Il centrodestra, consegnato in mano agli avversari il cerino e la responsabilità politica di una mancata intesa, si mette alla finestra. "Nei prossimi giorni - fa sapere Gianfranco Fini dopo il pranzo di Gemonio - i nostri capigruppo verificheranno se nella maggioranza c'è disponibilità a discutere".

Per l'oggi, l'opposizione si rallegra e ostenta la ritrovata compattezza. "Abbiamo l'intesa - annuncia Berlusconi - Si può votare con questa legge elettorale, ma siamo anche disposti ad esaminare una nuova legge purché si uniformi a tre punti: bipolarismo, indicazione preventiva delle alleanze e del presidente del Consiglio, uno sbarramento che eviti la frammentazione". Sotto la pergola di vite di casa Bossi, gli alleati sorridono per la 'photo-opportunity'.

"Ora occorre passare all'attacco, con una forte ripresa dell'iniziativa politica nei contenuti, senza lasciare tutto il palcoscenico alla sinistra", può finalmente dire Fini, che nei mesi scorsi aveva sul punto punzecchiato gli alleati. Quanto al referendum - che Bossi è entusiasta di poter scongiurare - An oggi ricorda di averlo sempre considerato solo una pistola carica puntata contro il Parlamento per ottenere le riforme.

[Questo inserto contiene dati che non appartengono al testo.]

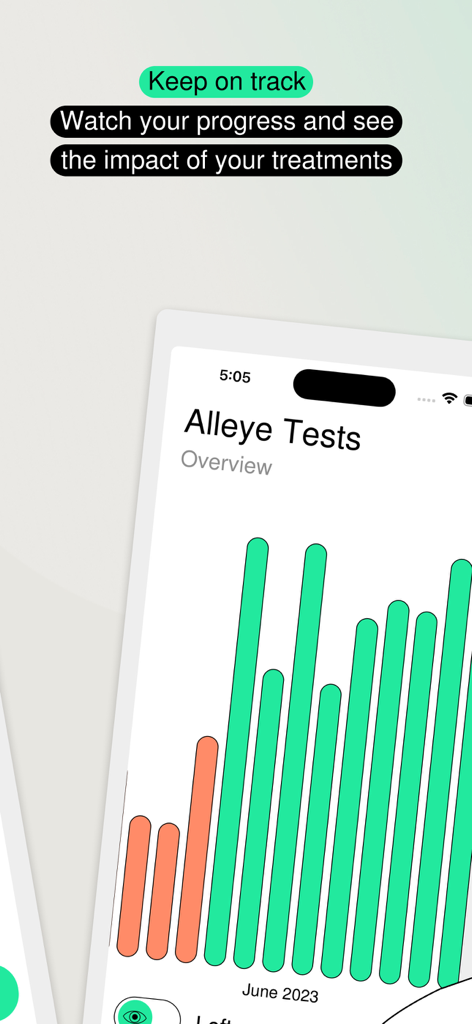 Alleye - A bar chart in the Alleye app showing vision test results and progress over time.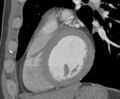 Cardiac hemangioma (Radiopaedia 16971-16679 C 3).JPG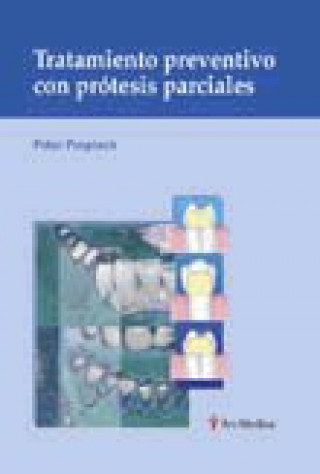 Kniha TRATAMIENTO PREVENTIVO CON PROTESIS PARCIALES POSPIECH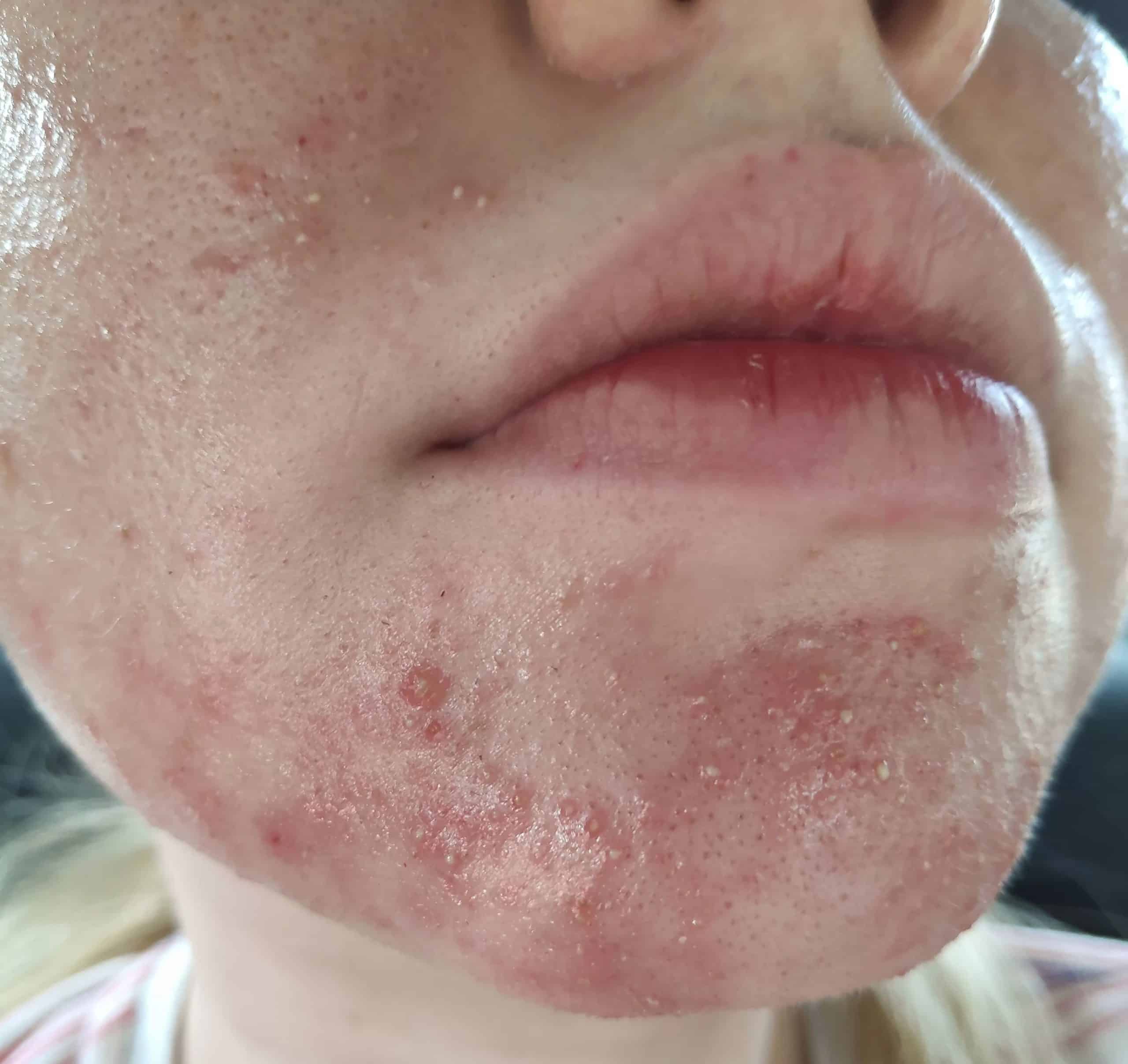 From Fungal Acne/Folliculitis to Clear Skin (with Pictures)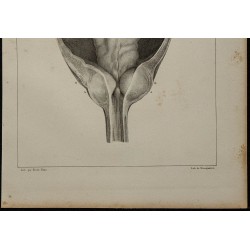 1839 - Luette vésicale et prostate 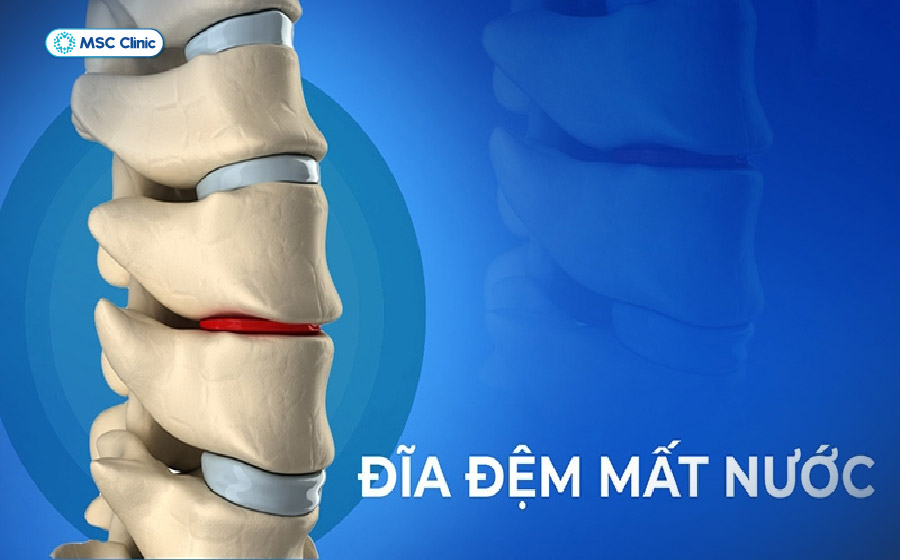 Xẹp đĩa đệm cột sống xảy ra khi đĩa đệm mất nước, giảm chiều cao và giảm khả năng hấp thụ lực giữa các đốt sống Xẹp đĩa đệm cột sống xảy ra khi đĩa đệm mất nước, giảm chiều cao và giảm khả năng hấp thụ lực giữa các đốt sống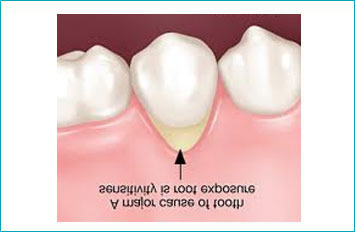 Common Causes of Sensitive Teeth1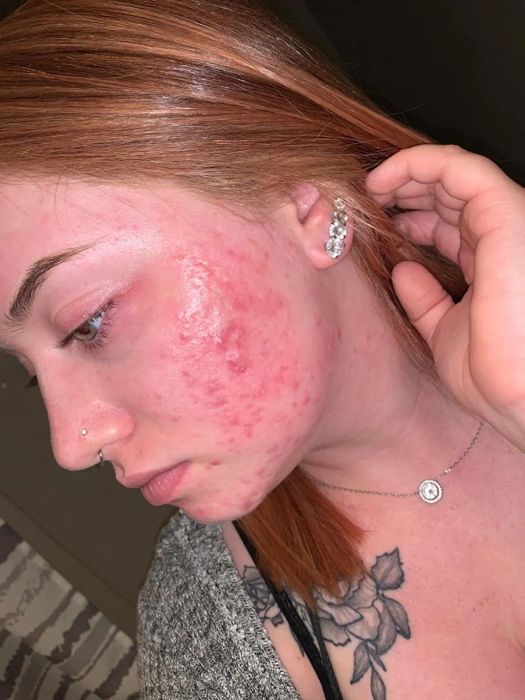Reviewer showing their face before applying foundation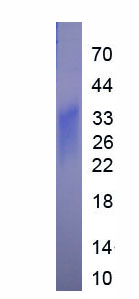 Eukaryotic Interleukin 31 (IL31)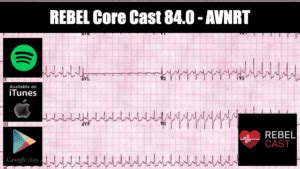 Rebel Core Cast Avnrt Rebel Em Emergency Medicine Blog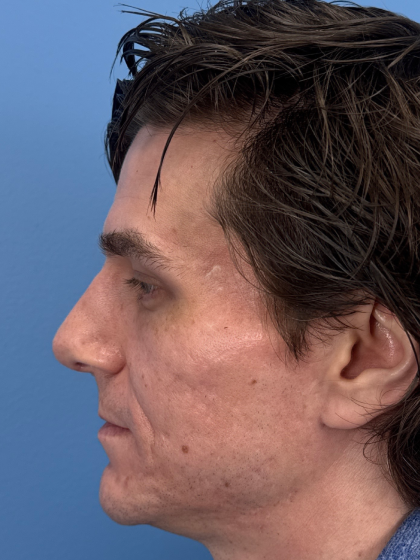 Rhinoplasty Before & After Patient #12901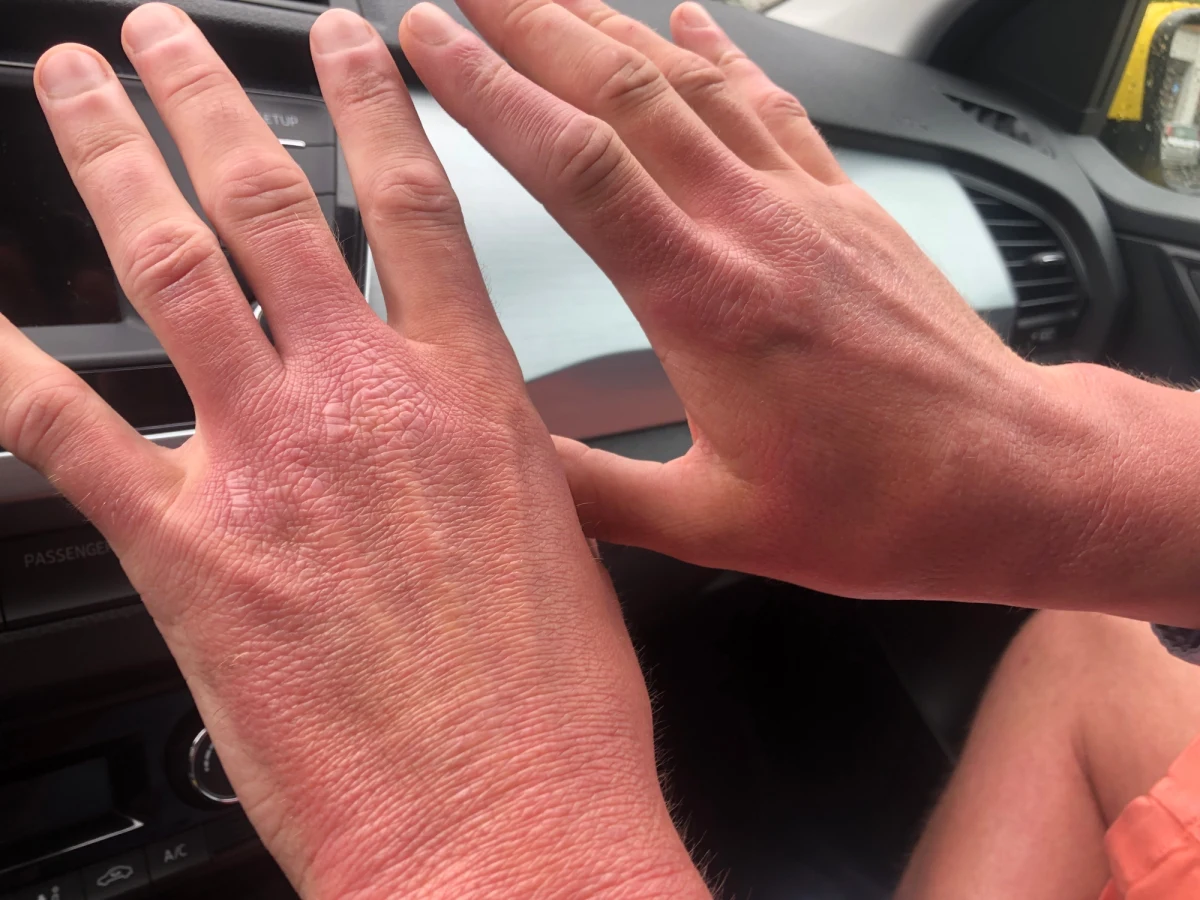 "Ten lek jest jedyną szansą na normalne życie" - tak w liście do premiera Mateusza Morawieckiego piszą pacjenci z ciężką postacią Atopowego Zapalenia Skóry. W ten sposób starają się o dostęp do nowoczesnej terapii biologicznej.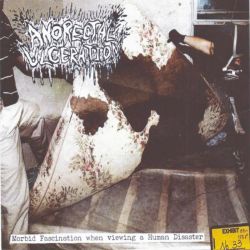 Anorectal Ulceration "Morbid Fascination When Viewing A Human Disaster" (LP)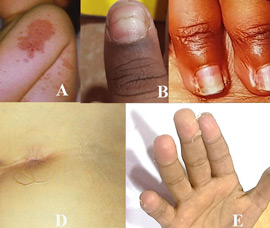 Kawaski Disease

Il leader leghista, che già nella cena di Arcore aveva ottenuto rassicurazioni sul referendum da Berlusconi, si rallegra per il "buon accordo" senza chiudere nel cassetto il sogno di riforme costituzionali come il Senato federale ed il federalismo fiscale". "Ora c'è una buona base di dibattito, ma aspetto di vedere nel dettaglio cosa sia questo accordo effettivamente e che nei prossimi giorni venga confermato, visto che negli ultimi tempi ci sono stati diversi cambi di posizione", chiosa a sera Enzo Bianco, presidente della Commissione Affari Costituzionali del Senato e relatore della riforma, con l'auspicio che "entro l'anno" la nuova legge elettorale possa già esserci.